Banyak lagi istilah luar biasa yang dinisbatkan kepada perguruan tinggi sebagai bentuk pengakuan bahwa lembaga ini merupakan pembentuk keterampilan kognitif, mental, motorik, sekaligus spiritual bagi para mahasiswa untuk bisa sukses dengan perannya masing-masing di kehidupan.
Faktanya?
Sebagian kampus relatif berhasil mengeksekusi “tugas suci” tersebut, sebagiannya lagi—bahkan banyak yang menyatakan mayoritasnya—gagal. Skeptisme yang menyebutkan bahwa perguruan tinggi dewasa ini laiknya pabrik ijazah, menjadi kelaziman yang kerap terdengar. Konon, ada simbiosis mutualisme yang terjadi antara kampus dengan mahasiswa. Banyak mahasiswa—meskipun banyak juga yang tidak begitu—menginginkan proses perkuliahan yang “dimudahkan” dan nilai yang “dimurahkan” dari dosennya.
Demand yang cukup besar ini kemudian direspon secara pragmatis oleh kampus—dengan dalih hyper competition antar perguruan tinggi—dengan menggampangkan proses masuk/rekrutmen dan keluar/kelulusan mahasiswa. Bukan sekadar lulus tentu saja. Dengan dalih kebutuhan akreditasi, yang di antara poin “gemuk”nya adalah nilai rata-rata dan masa studi mahasiswa, dewasa ini nilai tiga koma lima ke atas nyaris menjadi nilai rata-rata kelulusan di banyak kampus—(maaf) khususnya swasta—yang kemudian secara semu dicap sebagai prestasi kampus.
Bahkan, jika satu-dua dekade lalu mahasiswa yang mampu mendapat predikat cum laude sangat langka, jangan heran jika saat ini predikat tersebut menjadi begitu mudahnya didapat. Daya magis cum laude seolah memudar. Bahkan ironisnya, tidak lagi aneh ketika kita mendengar ada dosen “ditegur” oleh pimpinan kampus ketika memberikan nilai rendah untuk mahasiswa.

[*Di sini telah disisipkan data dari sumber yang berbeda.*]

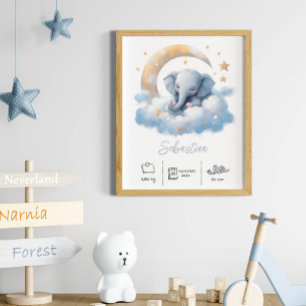 Personalisierter Name Elefantenkunst Kinderzimmer Poster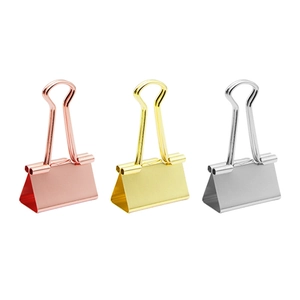 Three premium metal binder clips in rose gold, gold, and silver on white background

Dari sisi integritas pengajarnya sendiri, bisik-bisik yang terdengar jelas di kalangan dosen mengatakan, cukup banyak dosen yang tidak cakap mengajar serta lemah dalam riset, cenderung boros nilai dan “malas” mengevaluasi hasil kerja mahasiswanya. Di kelas sekadar duduk mendengarkan mahasiswa presentasi, berkomentar berdasarkan opini pribadi, tidak didasarkan pada teori dan penelitian yang menjadi kepakaran ilmunya, lalu dengan begitu saja menyelesaikan sesi perkuliahan. Nyaris tidak ada ilmu yang ditransfer kepada mahasiswanya.
Yang lebih menggenaskan bahkan ada oknum dosen yang “membarter” nilai bagus kepada mahasiswa dengan tebusan beberapa puluh hingga ratusan ribu harga buku tulisan oknum dosen yang bersangkutan. Tak kalah ironis, dalam konteks kepemimpinan, tidak jarang mahasiswa merasa aneh ketika ada sejumlah dosen yang menurut pengamatan dan pengalaman mereka selama berinteraksi di kampus dianggap “tidak berkualitas” justru menduduki jabatan-jabatan penting di kampus yang di tangan mereka tergantung hidup matinya perguruan tinggi.
Konsekuensinya, ketika pimpinan kampus itu sendiri “tidak berkualitas”, bagaimana mungkin berharap mereka bisa menjadi teladan, mengonsolidasi kurikulum dan proses pembelajaran, serta mengawasi jalannya proses pembelajaran yang berkualitas?
Ini belum bicara soal fasilitas pembelajaran yang memprihatinkan, sementara uang pembangunan terus mengalir setiap tahun ke kocek kampus setiap tahun ajaran baru. Orientasi anggaran seolah-olah tidak diprioritaskan untuk mahasiswa sebagai kontributor finansial utama yang menggerakkan operasional kampus.
Dalam banyak kasus, mahasiswa bahkan tidak tahu kemana saja anggaran yang bersumber dari SPP/UKT yang mereka setorkan itu dibelanjakan oleh pimpinan kampus. Keterbukaan menjadi barang langka dan super mahal. Ironisnya, oknum pimpinan kampus ada yang dengan sengaja mengintervensi kepemimpinan organisasi mahasiswa atau memberikan iming-iming kepada oknum pejabat organisasi mahasiswa untuk “tidak bersuara” terhadap kondisi kampus.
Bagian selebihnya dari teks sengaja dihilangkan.